> **EXTRACTED DATA**
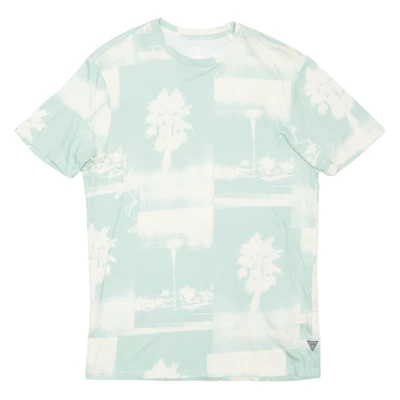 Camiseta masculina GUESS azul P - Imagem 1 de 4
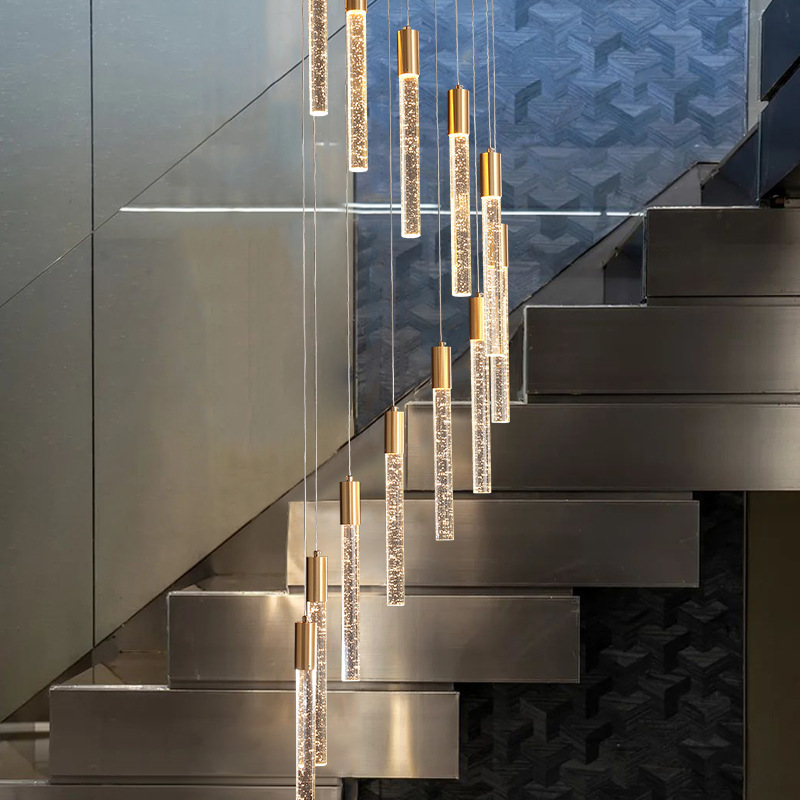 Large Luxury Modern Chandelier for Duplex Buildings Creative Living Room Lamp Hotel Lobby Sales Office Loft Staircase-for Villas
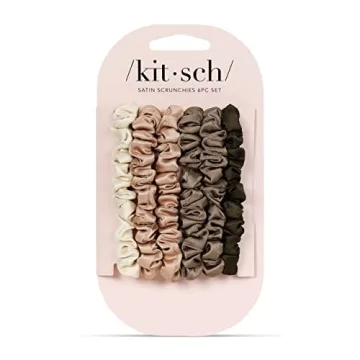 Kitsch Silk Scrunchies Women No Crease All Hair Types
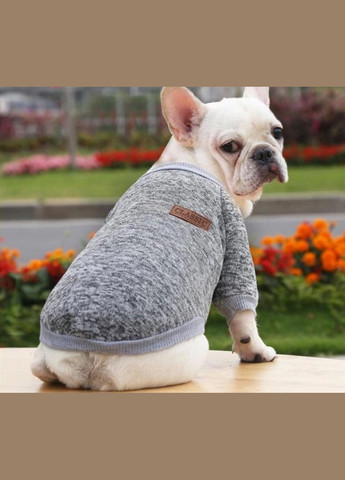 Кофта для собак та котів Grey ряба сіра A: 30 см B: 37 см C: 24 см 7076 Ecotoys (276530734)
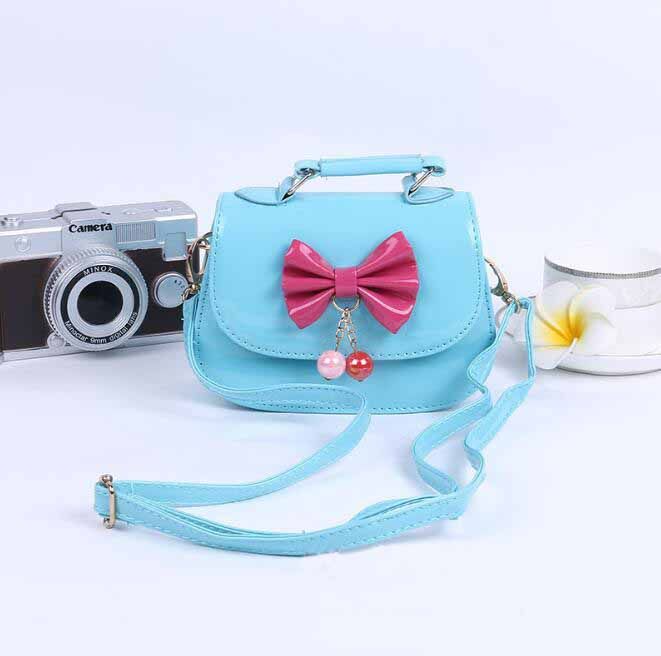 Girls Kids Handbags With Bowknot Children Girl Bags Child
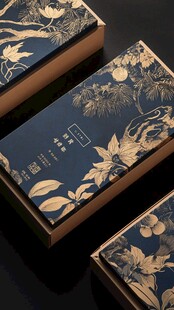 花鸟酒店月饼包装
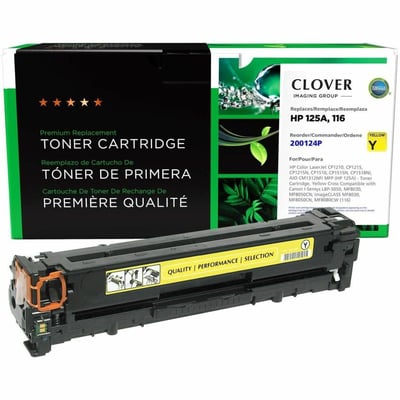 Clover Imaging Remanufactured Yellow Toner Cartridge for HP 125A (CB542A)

> **WHAT TO WORK ON**
Would you return the records exactly as written, minus any image?

> **TASK OUTPUT**
 Camiseta masculina GUESS azul P - Imagem 1 de 4
 Large Luxury Modern Chandelier for Duplex Buildings Creative Living Room Lamp Hotel Lobby Sales Office Loft Staircase-for Villas
 Kitsch Silk Scrunchies Women No Crease All Hair Types
 Кофта для собак та котів Grey ряба сіра A: 30 см B: 37 см C: 24 см 7076 Ecotoys (276530734)
 Girls Kids Handbags With Bowknot Children Girl Bags Child
 花鸟酒店月饼包装
 Clover Imaging Remanufactured Yellow Toner Cartridge for HP 125A (CB542A)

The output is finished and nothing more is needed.